Databricks Data Engineer
Job Description:
We are looking for a highly experienced Data Engineer to join our product organization in a full-time role. This position focuses on Big Data systems design and data architecture, with a special emphasis on Spark and Delta/Data Lake technology.
In this role, you will help design, develop, enhance, and maintain complex data pipeline and API products that manage business-critical operations and large-scale analytics. We are looking for applicants who demonstrate a capability to learn new concepts quickly and bring a robust background in data engineering or software engineering expertise.
Responsibilities
- Collaborate: Work collaboratively with other engineers to architect and implement complex systems with minimal oversight, while partnering with team leadership to identify how best to improve and expand platform capabilities.
- Build & Design: Design, develop, and maintain complex data pipeline products that support business-critical operations and large-scale analytics applications.
- Support the Team: Partner with analytics, data science, and engineering teams to understand and solve their unique data needs and challenges.
- Continuous Learning: Dedicate time to staying current with the latest developments in the space and embrace new concepts to keep up with fast-moving data engineering technology.
- Autonomy: Enjoy a role that offers strong independence and autonomy while contributing to the technical maturity of the organization.
Qualifications & Skills
- Experience: 5+ years of Data Engineering experience, including 4+ years designing and building Databricks data pipelines is essential. While Azure cloud experience is preferred, we are happy to consider experience with AWS, GCP, or other cloud platforms.
- Technical Stack:
- 4+ years of hands-on experience with Python, Pyspark, or SparkSQL is key. Experience with Scala is a plus.
- 4+ years of experience with Big Data pipelines or DAG Tools (such as Airflow, Dbt, Data Factory, or similar).
- 4+ years of Spark experience, especially with Databricks Spark and Delta Lake.

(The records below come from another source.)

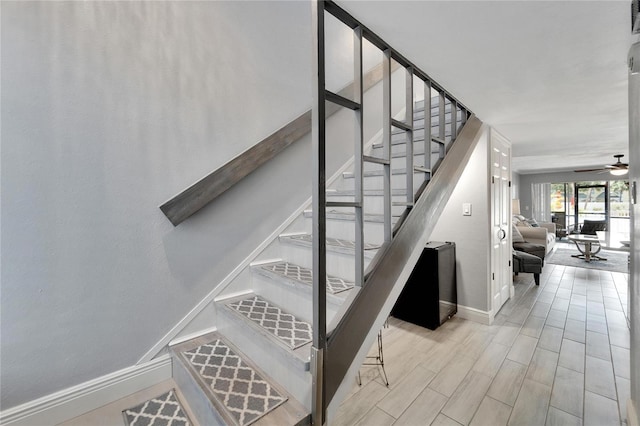 1028 Apollo Beach Blvd Unit 27, Apollo Beach, FL 33572 - staircase featuring ceiling fan and wood finished floors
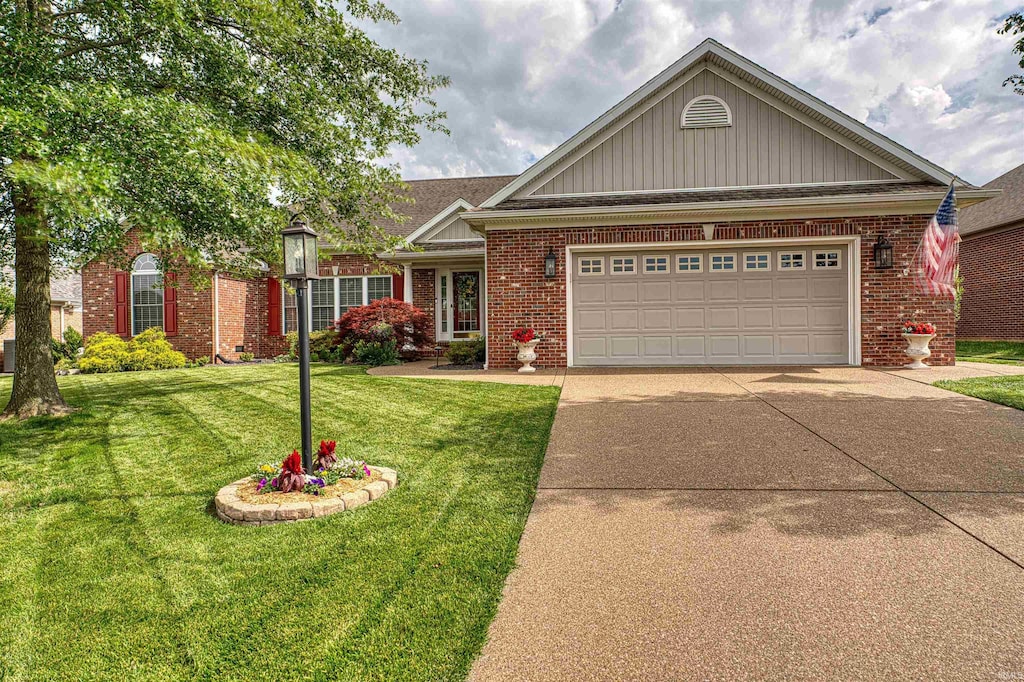 2923 Bailey Ln, Evansville, IN 47725 - view of front of house featuring brick siding, concrete driveway, a front lawn, a garage, and board and batten siding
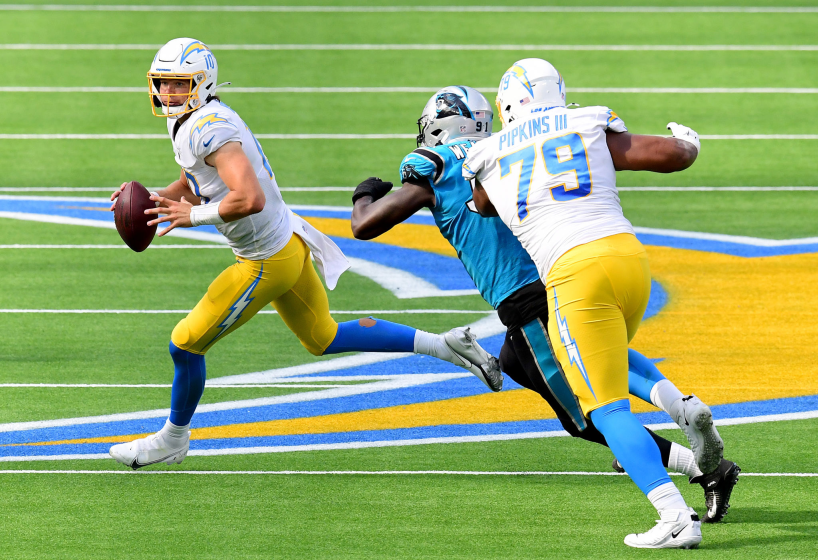 INGLEWOOD, CALIFORNIA - SEPTEMBER 27: Justin Herbert #10 of the Los Angeles Chargers rolls out.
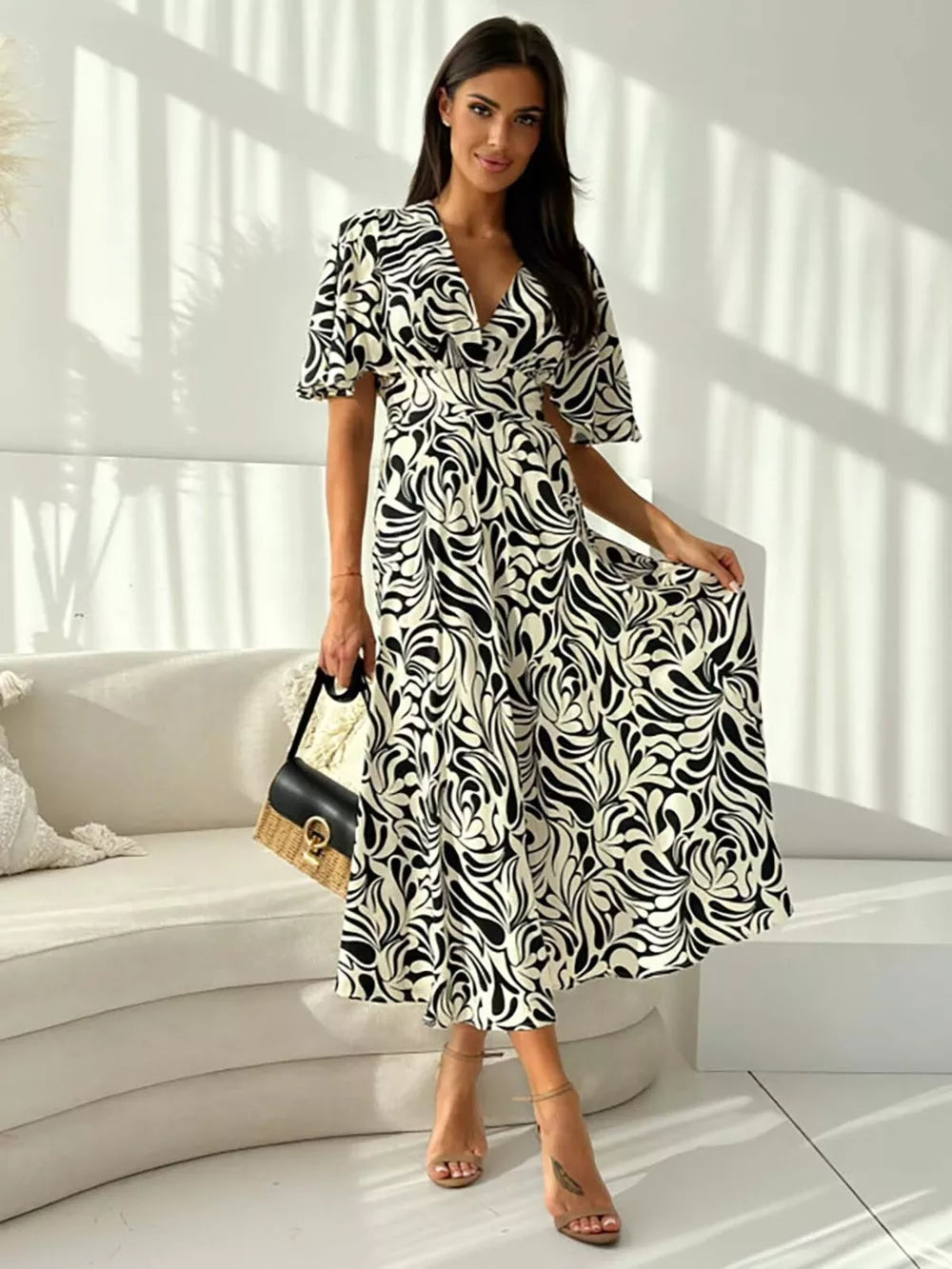 Vibrant abstract pattern midi dress with flutter sleeves and a-line skirt.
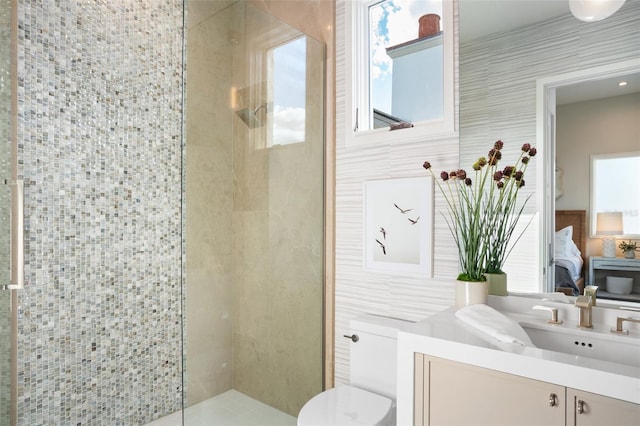 4007 Grande Brick Loop Unit 13, Orlando, FL 32837 - ensuite bathroom with a stall shower, vanity, and plenty of natural light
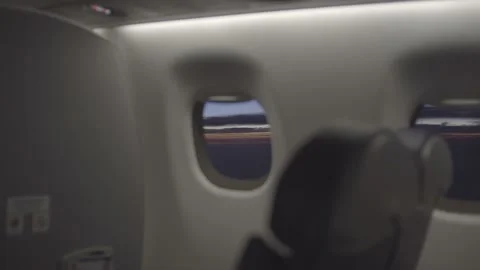 Sunset over airplane window 4K Stock Footage 157498181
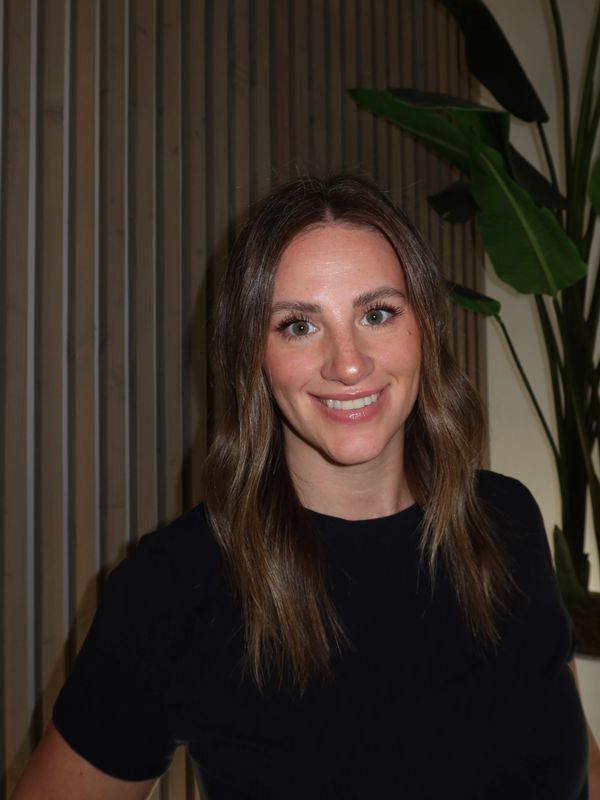 Smiling woman with brown hair in a black shirt standing indoors.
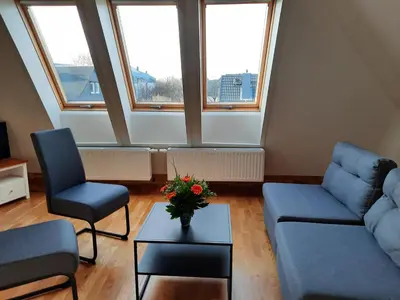 Ein Sitzbereich in der Unterkunft cosy home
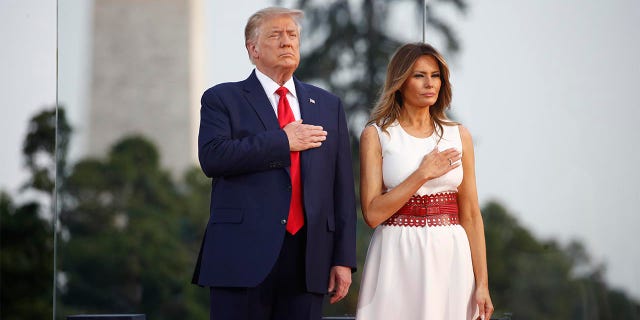 President Donald Trump and first lady Melania Trump place their hands on their chest during a 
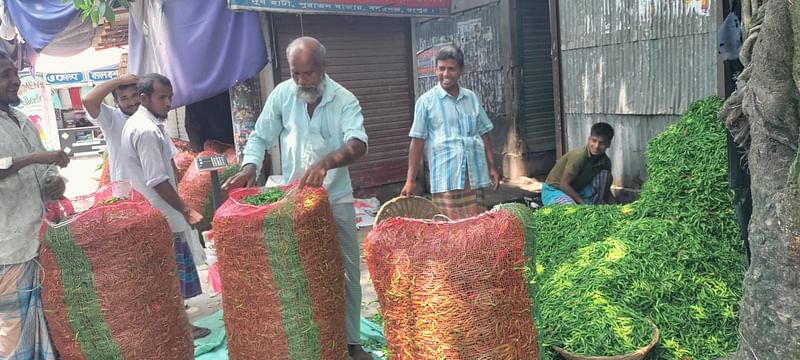 কৃষকের কাছ থেকে মরিচ কিনে বস্তায় ভরা হচ্ছে। গত রোববার রংপুরের বদরগঞ্জ উপজেলার হাসপাতালপাড়া গ্রামে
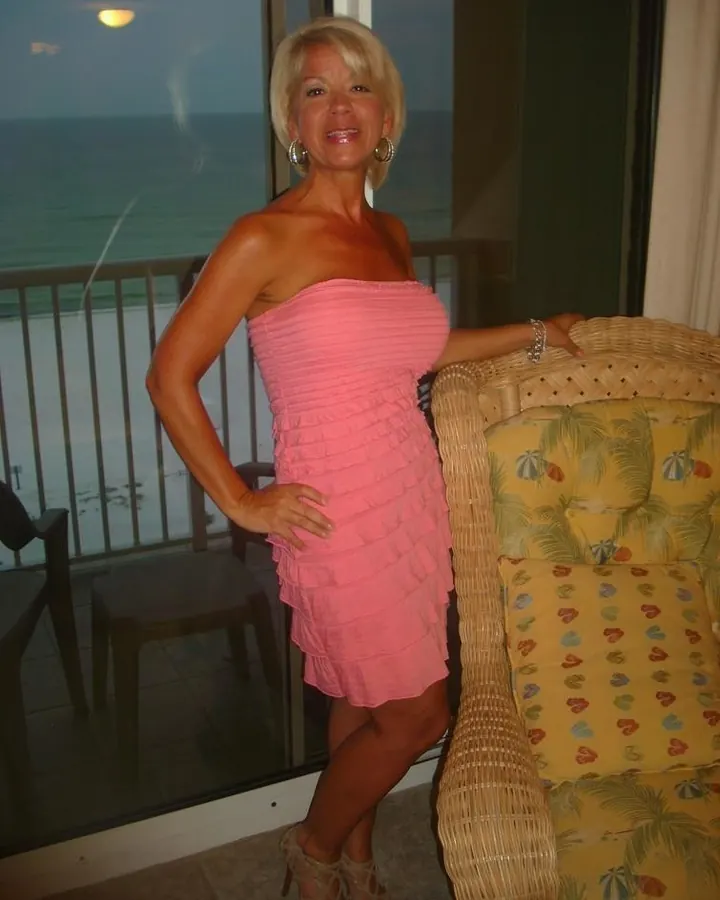 Femme souriante en robe rose sans bretelles, debout sur un balcon avec vue sur la mer, portant des sandales à talons et des boucles d'oreilles dorées.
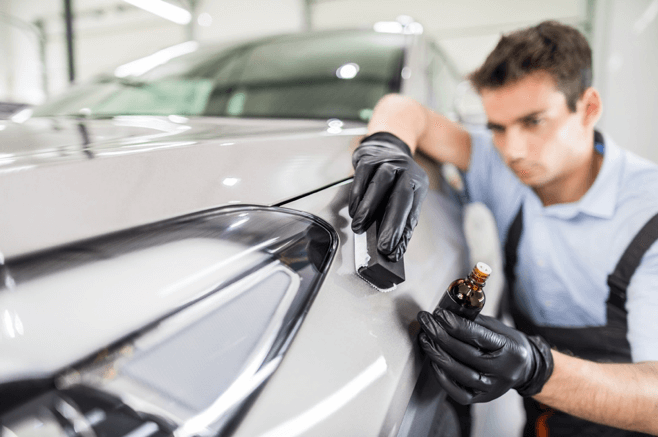 Mechanic polishing a silver car’s front fender in an auto shop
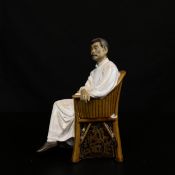 A late 20th century Chinese figure depicting the revolutionary writer and critic Lu Xun seated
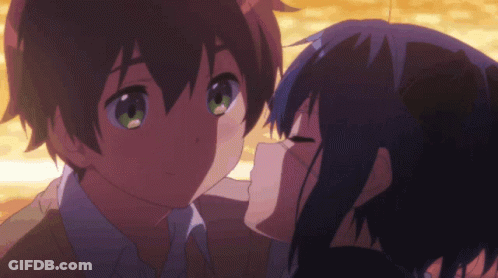 A Girl Kissing A Boy On The Cheek In A Cartoon GIF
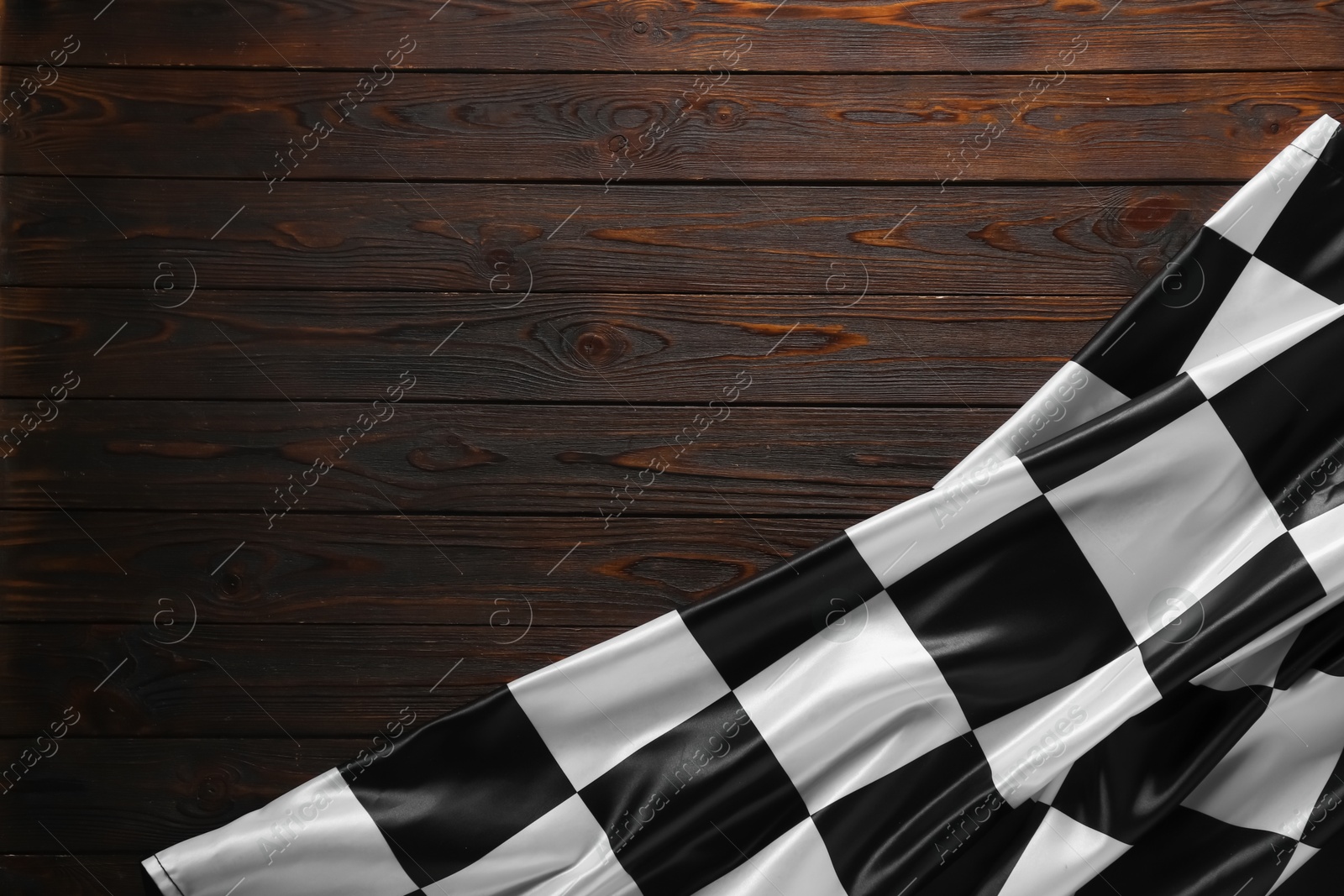 Photo of Checkered flag on wooden table, top view. Space for text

- 4+ years of hands-on experience implementing Big Data solutions in a cloud ecosystem, including Data/Delta Lakes.
- 5+ years of relevant software development experience, including Python 3.x, Django/Flask Frameworks, FastAPI (or other standard industry API), and relational databases (SQL/ORM).
- Additional Skills (Great to have):
- Experience with Microsoft Fabric specifically with Pyspark on Fabric and Fabric Pipelines
- Experience with conceptual, logical, and/or physical database designs.
- Strong SQL experience, specifically writing complex, highly optimized queries across large volumes of data.
- Strong data modeling/profiling capabilities using Kimball/star schema methodology as well as medallion architecture.
- Professional experience with Kafka, EventHub or other live streaming technologies.
- Familiarity with database deployment pipelines (e.g., dacpac or similar).
- Experience with unit testing or data quality frameworks.
Beware of scams
Our recruiting team may communicate with candidates via our @hitachisolutions.com domain email address and/or via our SmartRecruiters (Applicant Tracking System) [email protected] domain email address regarding your application and interview requests.
All offers will originate from our @hitachisolutions.com domain email address. If you receive an offer or information from someone purporting to be an employee of Hitachi Solutions from any other domain, it may not be legitimate.